### [The problem]
Every line in the listing should be set down again verbatim.

-------- Excerpted records

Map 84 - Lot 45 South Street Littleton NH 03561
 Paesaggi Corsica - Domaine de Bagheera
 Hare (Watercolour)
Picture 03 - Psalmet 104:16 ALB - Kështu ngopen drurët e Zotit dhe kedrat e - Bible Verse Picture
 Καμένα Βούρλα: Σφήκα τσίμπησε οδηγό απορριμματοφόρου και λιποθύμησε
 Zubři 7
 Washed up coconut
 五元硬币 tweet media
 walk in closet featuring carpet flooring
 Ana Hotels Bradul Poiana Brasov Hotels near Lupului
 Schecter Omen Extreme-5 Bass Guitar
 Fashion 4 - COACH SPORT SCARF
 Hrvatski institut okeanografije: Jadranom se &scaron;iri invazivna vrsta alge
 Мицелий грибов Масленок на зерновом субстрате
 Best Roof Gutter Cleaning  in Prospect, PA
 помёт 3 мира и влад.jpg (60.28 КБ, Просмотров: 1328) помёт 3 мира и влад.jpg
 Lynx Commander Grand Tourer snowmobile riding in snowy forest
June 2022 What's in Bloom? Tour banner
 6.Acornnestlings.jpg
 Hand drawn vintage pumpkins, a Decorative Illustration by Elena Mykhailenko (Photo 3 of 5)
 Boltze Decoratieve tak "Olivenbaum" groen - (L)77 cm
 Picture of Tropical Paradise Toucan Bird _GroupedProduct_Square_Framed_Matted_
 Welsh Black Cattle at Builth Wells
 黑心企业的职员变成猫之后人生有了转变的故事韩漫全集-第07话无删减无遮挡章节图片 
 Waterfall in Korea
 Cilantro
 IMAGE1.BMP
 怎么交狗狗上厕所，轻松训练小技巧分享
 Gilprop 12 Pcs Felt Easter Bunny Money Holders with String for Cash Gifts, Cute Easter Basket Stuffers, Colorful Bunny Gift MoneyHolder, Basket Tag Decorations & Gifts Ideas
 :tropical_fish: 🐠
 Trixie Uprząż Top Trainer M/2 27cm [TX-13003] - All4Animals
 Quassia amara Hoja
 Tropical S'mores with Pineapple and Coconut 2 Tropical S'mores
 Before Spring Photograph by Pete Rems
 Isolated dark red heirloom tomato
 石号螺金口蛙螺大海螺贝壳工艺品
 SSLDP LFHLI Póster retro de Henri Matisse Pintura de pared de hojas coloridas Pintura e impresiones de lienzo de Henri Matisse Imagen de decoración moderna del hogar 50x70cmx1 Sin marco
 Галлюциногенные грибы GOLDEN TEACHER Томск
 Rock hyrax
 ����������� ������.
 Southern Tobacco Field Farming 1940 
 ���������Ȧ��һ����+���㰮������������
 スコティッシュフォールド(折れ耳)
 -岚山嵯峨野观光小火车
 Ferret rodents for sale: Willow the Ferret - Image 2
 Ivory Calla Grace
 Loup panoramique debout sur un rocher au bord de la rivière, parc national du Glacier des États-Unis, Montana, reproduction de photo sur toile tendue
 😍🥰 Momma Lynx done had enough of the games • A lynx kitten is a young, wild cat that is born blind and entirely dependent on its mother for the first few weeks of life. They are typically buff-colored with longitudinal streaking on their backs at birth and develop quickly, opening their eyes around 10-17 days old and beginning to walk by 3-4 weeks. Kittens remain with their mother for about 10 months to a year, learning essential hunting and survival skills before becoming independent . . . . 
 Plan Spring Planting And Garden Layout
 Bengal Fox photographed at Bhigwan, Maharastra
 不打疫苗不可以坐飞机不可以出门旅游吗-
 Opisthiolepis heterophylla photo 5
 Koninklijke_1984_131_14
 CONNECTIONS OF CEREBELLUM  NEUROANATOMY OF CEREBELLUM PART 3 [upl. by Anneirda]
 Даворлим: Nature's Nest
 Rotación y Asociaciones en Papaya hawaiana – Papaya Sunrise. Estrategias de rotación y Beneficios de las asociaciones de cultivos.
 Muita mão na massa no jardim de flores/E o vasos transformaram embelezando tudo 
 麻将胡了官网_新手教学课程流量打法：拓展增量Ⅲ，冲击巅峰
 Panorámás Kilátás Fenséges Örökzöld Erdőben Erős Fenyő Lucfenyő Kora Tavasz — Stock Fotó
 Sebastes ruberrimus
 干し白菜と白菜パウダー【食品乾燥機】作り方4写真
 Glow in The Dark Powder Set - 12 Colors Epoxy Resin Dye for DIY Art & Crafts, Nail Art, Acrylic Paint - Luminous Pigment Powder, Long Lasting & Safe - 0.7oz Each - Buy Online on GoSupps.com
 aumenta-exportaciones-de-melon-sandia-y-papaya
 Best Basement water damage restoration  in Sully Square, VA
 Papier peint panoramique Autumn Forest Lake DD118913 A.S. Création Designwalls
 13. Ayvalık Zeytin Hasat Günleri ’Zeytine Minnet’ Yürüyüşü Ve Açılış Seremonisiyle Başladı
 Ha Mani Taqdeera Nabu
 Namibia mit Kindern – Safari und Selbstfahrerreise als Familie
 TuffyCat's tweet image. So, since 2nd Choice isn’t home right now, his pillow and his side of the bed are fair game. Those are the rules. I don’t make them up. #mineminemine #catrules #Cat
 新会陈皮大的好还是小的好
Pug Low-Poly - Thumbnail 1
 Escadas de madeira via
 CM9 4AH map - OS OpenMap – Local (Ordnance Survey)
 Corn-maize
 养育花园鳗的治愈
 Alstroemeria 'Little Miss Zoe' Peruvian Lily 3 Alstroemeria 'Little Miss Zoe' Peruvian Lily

----------------

### [Reply]
Map 84 - Lot 45 South Street Littleton NH 03561
 Paesaggi Corsica - Domaine de Bagheera
 Hare (Watercolour)
Picture 03 - Psalmet 104:16 ALB - Kështu ngopen drurët e Zotit dhe kedrat e - Bible Verse Picture
 Καμένα Βούρλα: Σφήκα τσίμπησε οδηγό απορριμματοφόρου και λιποθύμησε
 Zubři 7
 Washed up coconut
 五元硬币 tweet media
 walk in closet featuring carpet flooring
 Ana Hotels Bradul Poiana Brasov Hotels near Lupului
 Schecter Omen Extreme-5 Bass Guitar
 Fashion 4 - COACH SPORT SCARF
 Hrvatski institut okeanografije: Jadranom se &scaron;iri invazivna vrsta alge
 Мицелий грибов Масленок на зерновом субстрате
 Best Roof Gutter Cleaning  in Prospect, PA
 помёт 3 мира и влад.jpg (60.28 КБ, Просмотров: 1328) помёт 3 мира и влад.jpg
 Lynx Commander Grand Tourer snowmobile riding in snowy forest
June 2022 What's in Bloom? Tour banner
 6.Acornnestlings.jpg
 Hand drawn vintage pumpkins, a Decorative Illustration by Elena Mykhailenko (Photo 3 of 5)
 Boltze Decoratieve tak "Olivenbaum" groen - (L)77 cm
 Picture of Tropical Paradise Toucan Bird _GroupedProduct_Square_Framed_Matted_
 Welsh Black Cattle at Builth Wells
 黑心企业的职员变成猫之后人生有了转变的故事韩漫全集-第07话无删减无遮挡章节图片 
 Waterfall in Korea
 Cilantro
 IMAGE1.BMP
 怎么交狗狗上厕所，轻松训练小技巧分享
 Gilprop 12 Pcs Felt Easter Bunny Money Holders with String for Cash Gifts, Cute Easter Basket Stuffers, Colorful Bunny Gift MoneyHolder, Basket Tag Decorations & Gifts Ideas
 :tropical_fish: 🐠
 Trixie Uprząż Top Trainer M/2 27cm [TX-13003] - All4Animals
 Quassia amara Hoja
 Tropical S'mores with Pineapple and Coconut 2 Tropical S'mores
 Before Spring Photograph by Pete Rems
 Isolated dark red heirloom tomato
 石号螺金口蛙螺大海螺贝壳工艺品
 SSLDP LFHLI Póster retro de Henri Matisse Pintura de pared de hojas coloridas Pintura e impresiones de lienzo de Henri Matisse Imagen de decoración moderna del hogar 50x70cmx1 Sin marco
 Галлюциногенные грибы GOLDEN TEACHER Томск
 Rock hyrax
 ����������� ������.
 Southern Tobacco Field Farming 1940 
 ���������Ȧ��һ����+���㰮������������
 スコティッシュフォールド(折れ耳)
 -岚山嵯峨野观光小火车
 Ferret rodents for sale: Willow the Ferret - Image 2
 Ivory Calla Grace
 Loup panoramique debout sur un rocher au bord de la rivière, parc national du Glacier des États-Unis, Montana, reproduction de photo sur toile tendue
 😍🥰 Momma Lynx done had enough of the games • A lynx kitten is a young, wild cat that is born blind and entirely dependent on its mother for the first few weeks of life. They are typically buff-colored with longitudinal streaking on their backs at birth and develop quickly, opening their eyes around 10-17 days old and beginning to walk by 3-4 weeks. Kittens remain with their mother for about 10 months to a year, learning essential hunting and survival skills before becoming independent . . . . 
 Plan Spring Planting And Garden Layout
 Bengal Fox photographed at Bhigwan, Maharastra
 不打疫苗不可以坐飞机不可以出门旅游吗-
 Opisthiolepis heterophylla photo 5
 Koninklijke_1984_131_14
 CONNECTIONS OF CEREBELLUM  NEUROANATOMY OF CEREBELLUM PART 3 [upl. by Anneirda]
 Даворлим: Nature's Nest
 Rotación y Asociaciones en Papaya hawaiana – Papaya Sunrise. Estrategias de rotación y Beneficios de las asociaciones de cultivos.
 Muita mão na massa no jardim de flores/E o vasos transformaram embelezando tudo 
 麻将胡了官网_新手教学课程流量打法：拓展增量Ⅲ，冲击巅峰
 Panorámás Kilátás Fenséges Örökzöld Erdőben Erős Fenyő Lucfenyő Kora Tavasz — Stock Fotó
 Sebastes ruberrimus
 干し白菜と白菜パウダー【食品乾燥機】作り方4写真
 Glow in The Dark Powder Set - 12 Colors Epoxy Resin Dye for DIY Art & Crafts, Nail Art, Acrylic Paint - Luminous Pigment Powder, Long Lasting & Safe - 0.7oz Each - Buy Online on GoSupps.com
 aumenta-exportaciones-de-melon-sandia-y-papaya
 Best Basement water damage restoration  in Sully Square, VA
 Papier peint panoramique Autumn Forest Lake DD118913 A.S. Création Designwalls
 13. Ayvalık Zeytin Hasat Günleri ’Zeytine Minnet’ Yürüyüşü Ve Açılış Seremonisiyle Başladı
 Ha Mani Taqdeera Nabu
 Namibia mit Kindern – Safari und Selbstfahrerreise als Familie
 TuffyCat's tweet image. So, since 2nd Choice isn’t home right now, his pillow and his side of the bed are fair game. Those are the rules. I don’t make them up. #mineminemine #catrules #Cat
 新会陈皮大的好还是小的好
Pug Low-Poly - Thumbnail 1
 Escadas de madeira via
 CM9 4AH map - OS OpenMap – Local (Ordnance Survey)
 Corn-maize
 养育花园鳗的治愈
 Alstroemeria 'Little Miss Zoe' Peruvian Lily 3 Alstroemeria 'Little Miss Zoe' Peruvian Lily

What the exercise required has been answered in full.